* [DATASET RECORDS]:
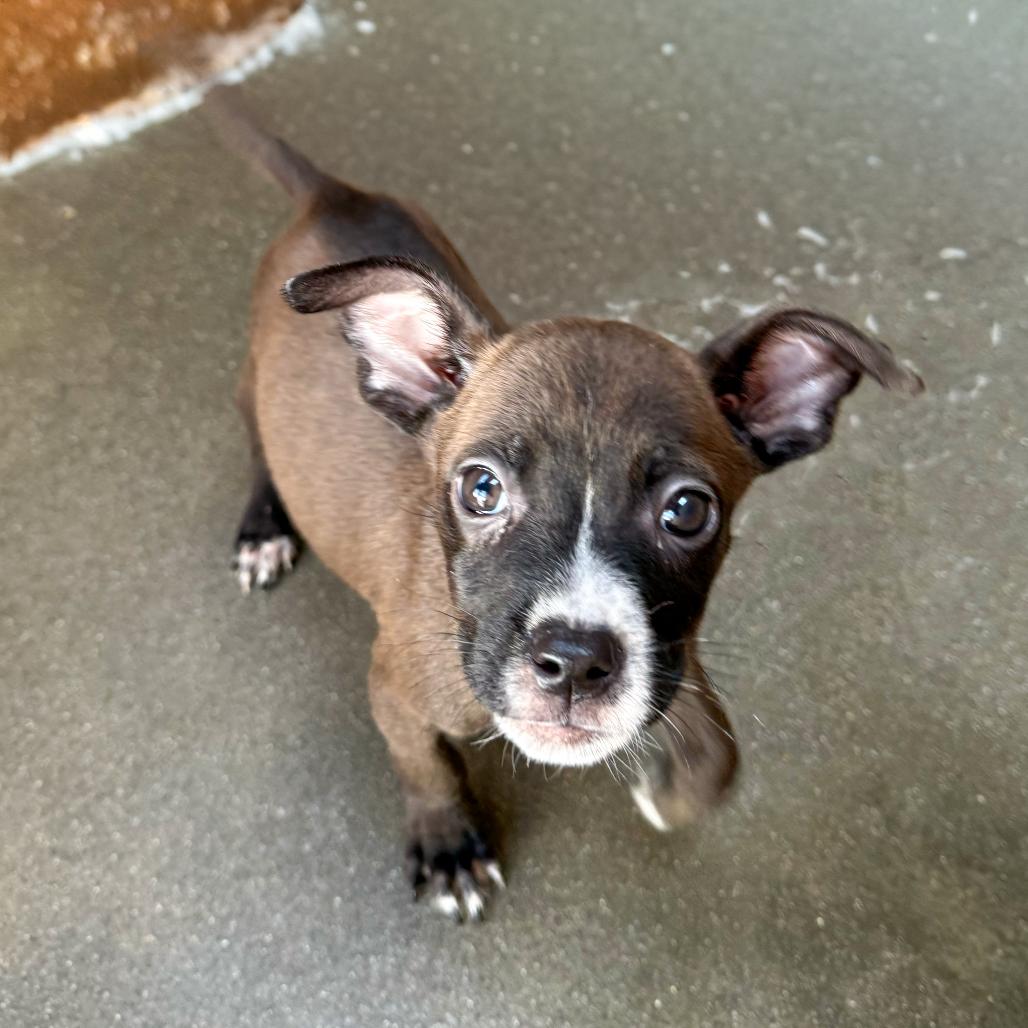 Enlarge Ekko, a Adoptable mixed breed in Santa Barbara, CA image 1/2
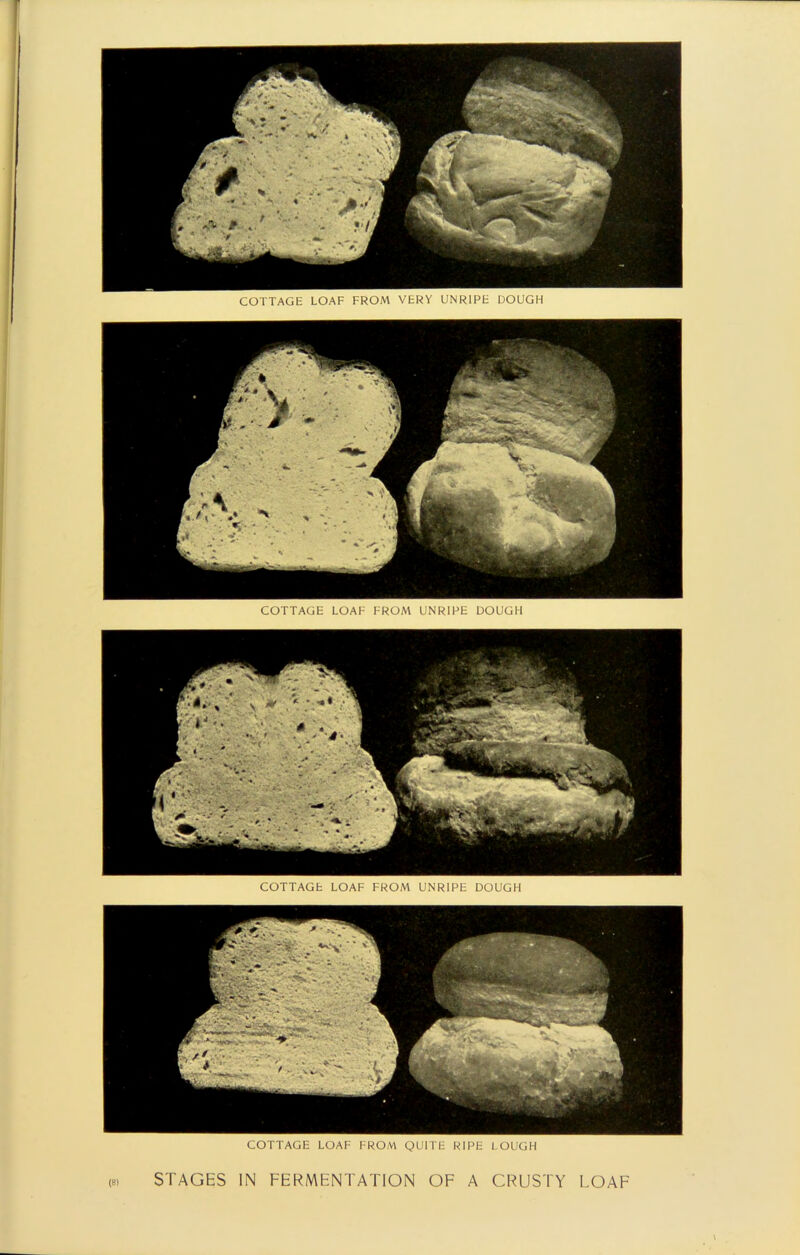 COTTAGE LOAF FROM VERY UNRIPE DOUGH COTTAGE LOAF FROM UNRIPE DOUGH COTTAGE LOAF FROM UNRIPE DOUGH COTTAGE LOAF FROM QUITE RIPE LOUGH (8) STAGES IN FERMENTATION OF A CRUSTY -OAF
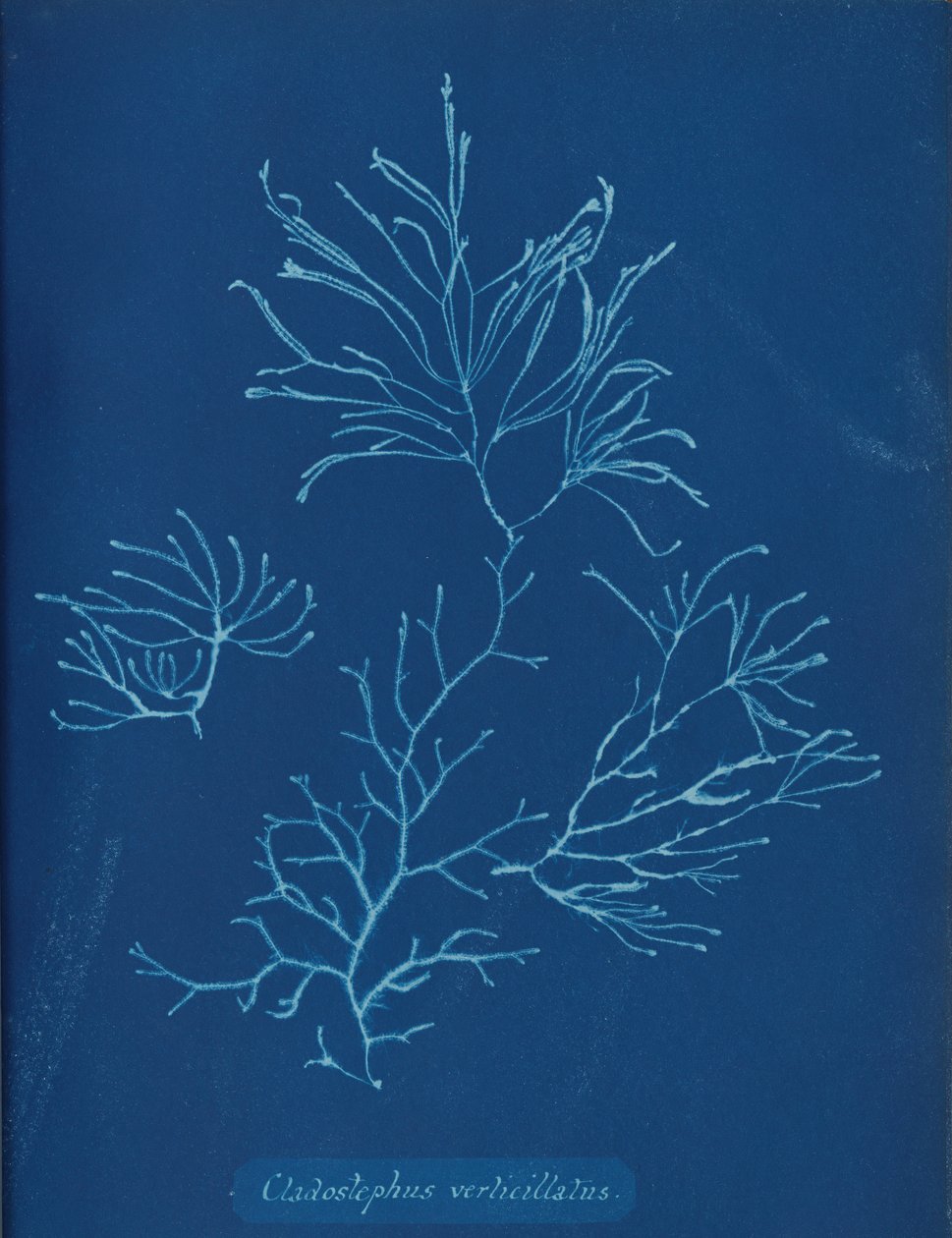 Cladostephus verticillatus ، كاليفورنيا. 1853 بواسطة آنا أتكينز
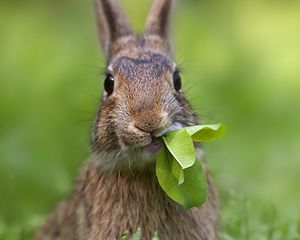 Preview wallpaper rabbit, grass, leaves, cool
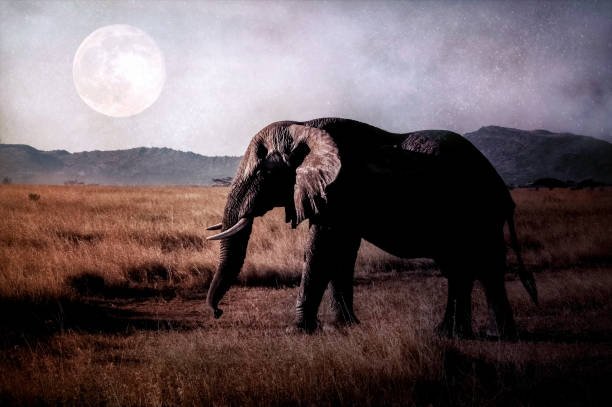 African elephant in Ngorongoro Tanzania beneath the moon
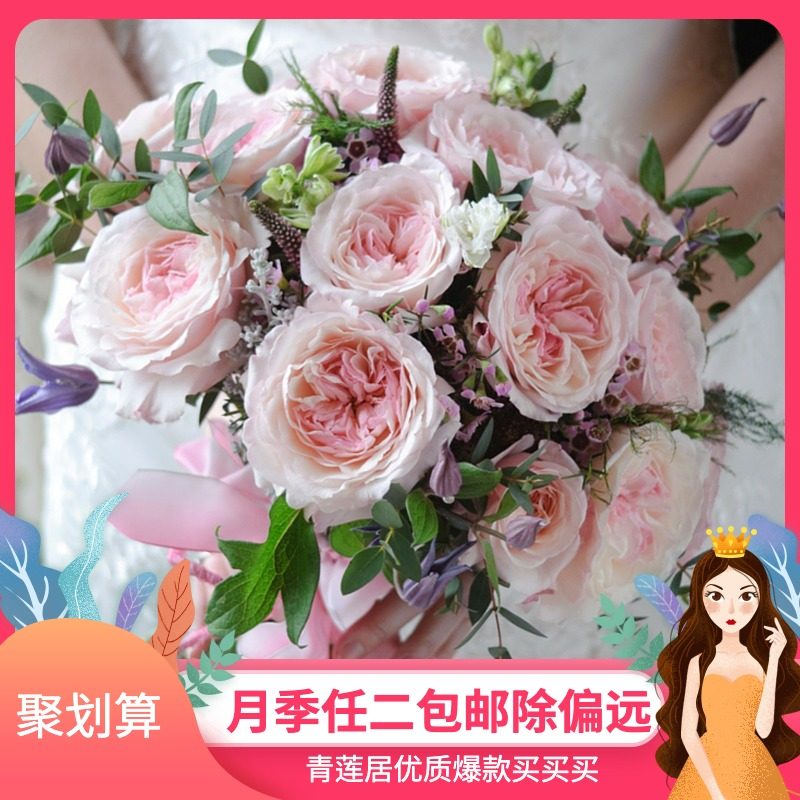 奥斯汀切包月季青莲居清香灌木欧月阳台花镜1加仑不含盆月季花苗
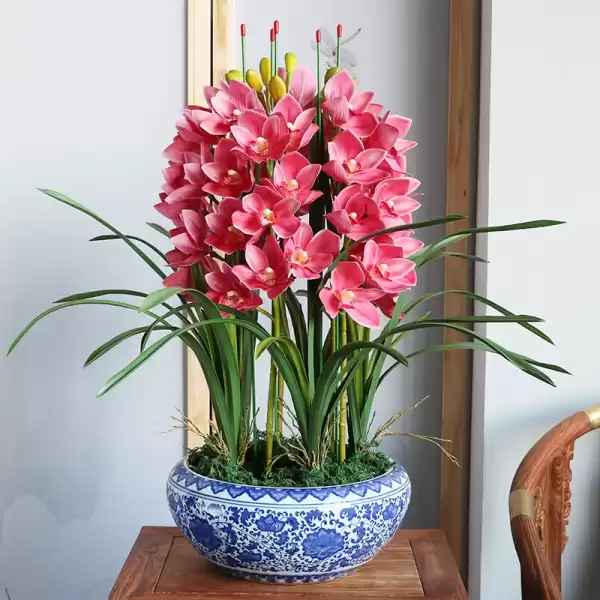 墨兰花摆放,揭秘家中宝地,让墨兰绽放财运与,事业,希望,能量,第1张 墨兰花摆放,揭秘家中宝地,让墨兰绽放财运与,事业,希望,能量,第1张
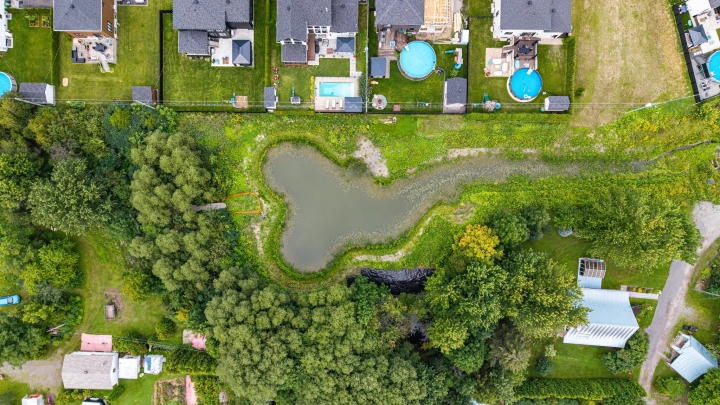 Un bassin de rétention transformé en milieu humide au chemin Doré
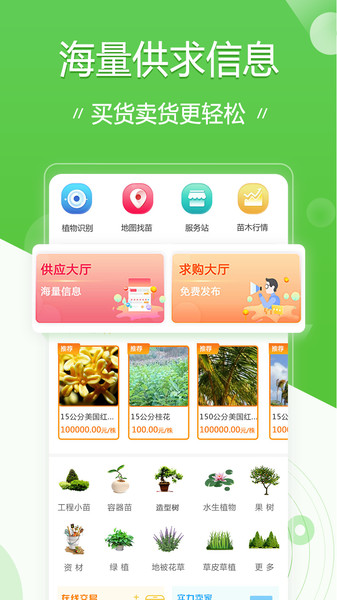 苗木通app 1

* [TASK ITEM]:
Without the pictures, print all of the records exactly.

* [ANSWER]:
 Enlarge Ekko, a Adoptable mixed breed in Santa Barbara, CA image 1/2
 COTTAGE LOAF FROM VERY UNRIPE DOUGH COTTAGE LOAF FROM UNRIPE DOUGH COTTAGE LOAF FROM UNRIPE DOUGH COTTAGE LOAF FROM QUITE RIPE LOUGH (8) STAGES IN FERMENTATION OF A CRUSTY -OAF
 Cladostephus verticillatus ، كاليفورنيا. 1853 بواسطة آنا أتكينز
 Preview wallpaper rabbit, grass, leaves, cool
 African elephant in Ngorongoro Tanzania beneath the moon
 奥斯汀切包月季青莲居清香灌木欧月阳台花镜1加仑不含盆月季花苗
 墨兰花摆放,揭秘家中宝地,让墨兰绽放财运与,事业,希望,能量,第1张 墨兰花摆放,揭秘家中宝地,让墨兰绽放财运与,事业,希望,能量,第1张
 Un bassin de rétention transformé en milieu humide au chemin Doré
 苗木通app 1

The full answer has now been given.